Sayın Başkan, sayın milletvekili arkadaşlarım, Sayın Bakan; öncelikle bütçemiz hayırlı olsun. Bir hemşehriniz olarak da size başarılar diliyorum bakanlık görevinizde.

BAŞKAN - Siz İstanbullu değil miydiniz Sayın Paylan?

GARO PAYLAN (İstanbul) - Ben Malatyalım, İstanbul Milletvekiliyim.

BAŞKAN - Köken olarak Malatyalısınız.

GARO PAYLAN (İstanbul) - Evet, evet.

Sayın Bakan, öncelikle geleneksel eleştirimi yapayım ama siz rekor kırdınız. Bakanlık bürokrasinizde tek bir kadın yok, arkanızda gelen arkadaşlara baktığımızda rekor sizde yani. Bazen 1, 2 veya 3 kadın arkadaşımız olurdu.

BAŞKAN - Sayın Paylan, şu anda ayakta bir hanım arkadaşımızı görüyorum ben bakanlık bürokrasisinden.

GARO PAYLAN (İstanbul) - Şimdi geldi ama, şimdi geldi herhâlde yoktu.

MEHMET ŞÜKRÜ ERDİNÇ (Adana) - Sayın Paylan, bu saatte de bayanları getirmemiş olabilirler, biz çalışalım yani.

GARO PAYLAN (İstanbul) - Ne olacak canım, olur mu öyle şey, görev görevdir.

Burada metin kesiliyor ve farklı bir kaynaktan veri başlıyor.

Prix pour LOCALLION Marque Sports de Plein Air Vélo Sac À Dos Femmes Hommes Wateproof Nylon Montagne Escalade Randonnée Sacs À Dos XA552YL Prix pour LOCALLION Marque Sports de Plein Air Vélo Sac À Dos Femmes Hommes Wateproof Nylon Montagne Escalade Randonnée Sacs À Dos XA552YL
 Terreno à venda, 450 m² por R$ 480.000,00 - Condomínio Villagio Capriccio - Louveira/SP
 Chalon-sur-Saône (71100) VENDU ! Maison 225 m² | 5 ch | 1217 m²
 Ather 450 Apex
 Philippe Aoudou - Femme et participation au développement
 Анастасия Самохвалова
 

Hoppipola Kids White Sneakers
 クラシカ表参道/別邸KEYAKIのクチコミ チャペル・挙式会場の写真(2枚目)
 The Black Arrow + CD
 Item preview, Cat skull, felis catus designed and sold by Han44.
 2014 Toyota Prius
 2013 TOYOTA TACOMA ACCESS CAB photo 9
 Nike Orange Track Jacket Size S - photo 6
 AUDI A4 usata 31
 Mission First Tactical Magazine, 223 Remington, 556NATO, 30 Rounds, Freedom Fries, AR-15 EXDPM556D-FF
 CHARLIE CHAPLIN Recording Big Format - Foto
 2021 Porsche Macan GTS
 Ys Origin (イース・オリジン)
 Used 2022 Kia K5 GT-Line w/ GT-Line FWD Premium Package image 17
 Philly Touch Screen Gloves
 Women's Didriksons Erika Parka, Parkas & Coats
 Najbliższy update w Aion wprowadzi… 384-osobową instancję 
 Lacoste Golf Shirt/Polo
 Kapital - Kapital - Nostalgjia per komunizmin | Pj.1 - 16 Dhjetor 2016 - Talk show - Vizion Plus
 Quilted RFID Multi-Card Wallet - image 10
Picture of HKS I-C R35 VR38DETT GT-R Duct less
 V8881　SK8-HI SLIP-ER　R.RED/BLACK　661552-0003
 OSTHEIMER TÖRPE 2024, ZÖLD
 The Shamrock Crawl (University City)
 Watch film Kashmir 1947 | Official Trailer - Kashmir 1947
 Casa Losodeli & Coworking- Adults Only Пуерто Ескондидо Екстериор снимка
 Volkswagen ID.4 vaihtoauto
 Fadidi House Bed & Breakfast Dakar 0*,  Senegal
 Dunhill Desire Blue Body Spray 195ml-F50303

BAŞKAN - Pozitif ayrımcılık yapmışlar yani.

GARO PAYLAN (İstanbul) - Bu anlamda sizin de gelecek yıl umarım, geldiğinizde daha çok kadın bürokrat arkadaşımız bürokrasinizde olur.

AYKUT ERDOĞDU (İstanbul) - Hanımefendi ne iş yapıyor merak ettim. Göreviniz?

GÜMRÜK VE TİCARET BAKANLIĞI SEKTÖREL DESTEKLEME VE MEVZUAT DAİRESİ BAŞKANI FİLİZ KARADEMİR - Daire başkanıyım.

GARO PAYLAN (İstanbul) - Hayırlı olsun, iyi ki varsınız.

Sayın Bakan, öncelikle şu ihracatta uzun zaman sonra 10 milyar dolar rakamının altında bir rakam gördük geçen ay. Yani, hep genelde 10 milyar dolar 11 milyar, 12 milyar dolar gibi rakamlarda seyrederdi aylık ihracat rakamlarımız, 9 milyar 208 milyona düştü ocakta. Ve kötü bir trende girdik aslında, hep bu işte parite bahanesi vardı geçen sene ancak şimdi o da ortadan kalktı baz etkisi anlamında baktığımızda. İhracat rakamlarımız iyi gitmiyor ve iyi işaretler vermiyor maalesef. Bununla ilgili sizin görüşlerinizi merak ediyorum yani ciddi bir trend düşüşü var. Civarımızdaki müşterilerimiz ciddi bir sıkıntı dahlinde evet, petrol fiyatlarının düşmesi onları da... Tüketici anlamında ciddi sıkıntılar var. Hükûmetin hedefi yüksek ama geçen yılki rakamı bile tutturacağımız ciddi anlamda bir şüphe dahlinde şu anda. Şu andaki eğilime baktığımızda 120'yi, 130'u, 135'i bulursak ne âlâ gibi bir durum gözüküyor. Bu da yüzde 10 gibi bir düşüşe tekabül eder ortalama. Ne gibi bir düşünceniz var? Bu trendi aşağı doğru görüyor musunuz?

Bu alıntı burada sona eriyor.